Identificare ed eliminare tutti i possibili fattori scatenanti la malattia quali gli allergeni alimentari o quelli inalanti. Tra gli allergeni alimentari, il latte di mucca, le uova di gallina, i farinacei, la soia, le noccioline, le arachidi sono i maggiori responsabili dell’induzione o esacerbazione dell’eczema sia nei lattanti sia durante l’infanzia.

Mentre per quanto riguarda i possibili allergeni inalatori considerare la polvere di casa e il pelo del gatto o del cane.

I test per la Dermatite Atopica

Se presente il sospetto di un’allergia verso gli allergeni citati è indicato eseguire i seguenti test: Atopy PATCH testPRICK alimenti e inalanti, PRICK-PRICK test, PRIST (dosaggio delle IgE totali), RAST (dosaggio IgE specifiche per i vari allergeni).

Il dosaggio quantitativo in vitro delle IgE (rast) è solo una stima di probabilità del rischio di una reazione clinica dopo l’ingestione di un data alimento, reazione che deve essere dimostrata e confermata con il prick test o con la prova di scatenamento sotto controllo medico specialistico.

Il test di scatenamento consiste nel somministrare l’alimento al quale il soggetto potrebbe essere allergico. Se la persona è positiva al test, in pochi minuti si osserva una reazione immediata caratterizzata da: orticaria, disturbi respiratori o gastro-intestinali. Tardivamente, dopo 2-48 ore, a volte anche dopo alcuni giorni, si può invece manifestare una reazione tardiva con la comparsa di lesioni eczematose.

Il 50% dei bambini con dermatite atopica positivi al test di scatenamento presenta entrambe le reazioni sia quella immediata sia quella tardiva, mentre il 15% solo quella tardiva. Invece, è sottostimata l’allergia da contatto, indagabile con i patch test, positivi nel 40-65% dei casi. I metalli (ad esempio il nichel), le fragranze profumate, la neomicina e la lanolina sono le sostanze che più frequentemente possono far peggiorare la dermatite atopica. Pertanto, in questi casi solo evitando il contatto con la sostanza incriminata la dermatite atopica può migliorare.
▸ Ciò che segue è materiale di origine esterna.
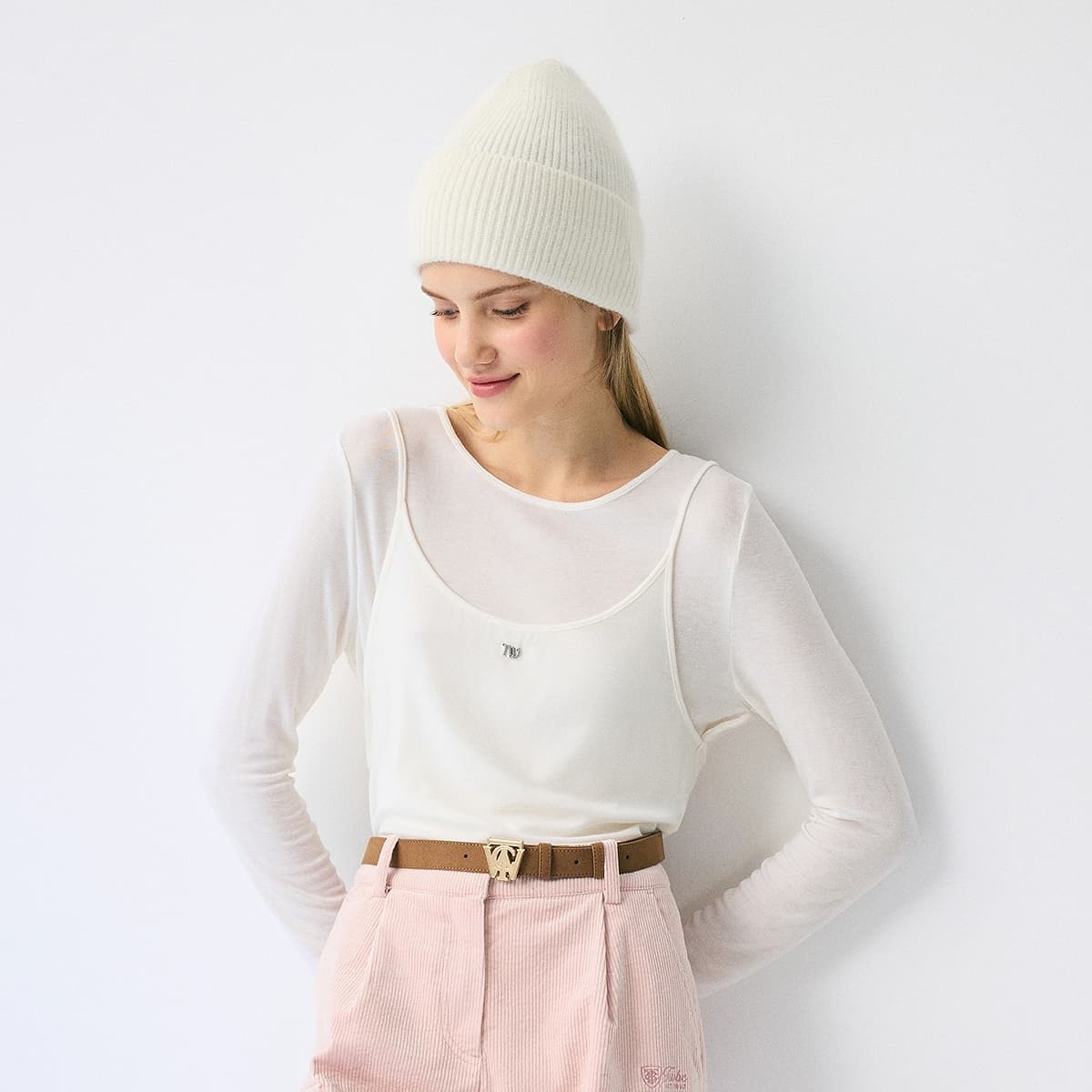 Футболка Teenie Weenie Женские T-рубашки - изображение 5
Infine, se la dermatite atopica è associata anche a sintomi respiratori, quali rinite o asma, perché la persona è allergica anche ad alcuni inalanti è indicato il vaccino.

Terapia

Come già accennato il trattamento d’elezione è quello topico (applicazione direttamente sulla parte malata), la cui efficacia dipende da: scelta del principio attivo, durata del ciclo di terapia, corretta applicazione. Pertanto, tutti i trattamenti, compresi quelli omeopatici, finalizzati solo ad un approccio sistemico sono fallimentari. Inoltre, nelle linee guida nessun rimedio omeopatico è stato validato.

I farmaci topici devono essere applicati solo sulla pelle idratata e la scelta del principio attivo dipende al tipo di lesioni e dalla sede della manifestazione. Solo se presente una sovrainfezione è indicata l’applicazione di antibiotici o antimicotici, altrimenti il farmaco di prima scelta per modulare e gestire l’infiammazione è il cortisone che è possibile diluire con una crema base per ridurre il rischio di effetti collaterali, quali l’atrofia cutanea, e garantire contestualmente l’idratazione.
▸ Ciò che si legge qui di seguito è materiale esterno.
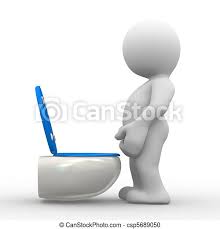 My husband gets up early in the morning. Boy Pissing Abstract 3d Little Person Pissing Boy Like Style Canstock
Tutte le terapie a base di cortisone non dovrebbero mai essere interrotte bruscamente ma solo scalando le applicazioni in caso di terapia topica, o il dosaggio, nel caso dell’assunzione orale. Il cortisone deve essere scalato solo quando si osserva un miglioramento clinico della dermatite atopica e il prurito svanisce.

Tacrolimus e pimecrolimus sono due inibitori della calcineurina, principi attivi alternativi al cortisone, particolarmente indicati nei casi in cui la dermatite atopica sia localizzata alle palpebre, all’inguine, regione periorale e alle ascelle. L’uso cronico e continuativo non determina l’insorgenza dell’atrofia cutanea. Dopo la loro applicazione sulla cute lesa si avverte un senso di calore e/o pizzicore, una sensazione che dura alcuni minuti (al massimo un’ora) che, continuando la terapia, svanisce spontaneamente nei giorni successivi.
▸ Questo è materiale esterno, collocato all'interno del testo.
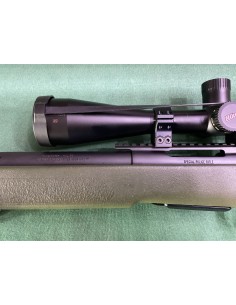 Winchester Mod 70 Special Police Rifle calibro 308win 2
E’ stato dimostrato che l’uso degli inibitori della calcineurina può favorire le infezioni virali da Herpes simplex o da mollusco contagioso nelle persone con dermatite atopica. Inoltre, gli studi clinici non hanno confermato che il loro uso continuativo per anni possa aumentare il rischio d’insorgenza di linfomi cutanei. Pertanto, la monoterapia con tacrolimus o pimecrolimus è efficace nel lungo periodo nell’infanzia e negli adulti, sebbene non siano disponibili dati nei bambini di età inferiore ai due anni.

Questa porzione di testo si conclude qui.